At this point I was in shock. Levi had been at 190 and dropped to 3! 3!! We have never ever had a number that low. The lowest previously was 6! I called my parents to ask for their help and they came rushing down to watch him while I went to closing and then to go to DHMC with me. It was an absolutely crazy morning. Not at all what I was expecting.
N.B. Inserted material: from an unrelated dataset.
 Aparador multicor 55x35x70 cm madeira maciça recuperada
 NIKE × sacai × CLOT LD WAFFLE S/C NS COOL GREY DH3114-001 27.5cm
The most heart breaking part of the day was that when Jay picked up Levi at McDonalds so that I could rush to my doctors appointment and Levi could get home to only our germs and family we had to tell him that Mommy and Daddy would buy our new house today but that he wouldn't get to go see it because we had to go to the hospital. He looked up at me with the saddest eyes and said "I know. It's my fault!" as much as to blame himself for being sick and understanding that in his life there are no guarantees. There is no getting excited about things because everything can get pulled out from underneath him. Just because he has a great number doesn't mean that he will the next time. He just had this look of sadness and dejection on his face. It was so heartbreaking. I wanted to scoop him up in a giant hug and make all his troubles go away!

Thursday, September 6, 2018

September 6 - Blood Work

September 6 - Blood Work

Happy Thursday!! :) It's another great week! We got to the lab this morning and there was no waiting. Levi went running right in and picked out his band-aid. He picked out a pokemon band-aid and then asked me to look up who it was. He climbed up into P's chair and we snapped our pictures there.
 Then P brought over the tablet and Levi started playing connect 4. Then P started the blood draw. Close to the end of the draw Levi won connect 4 for the first time ever! He truly won!! He started cheering and was so so so excited! He jumped up and down and put his hands in the air! It was the absolute most amazing thing ever.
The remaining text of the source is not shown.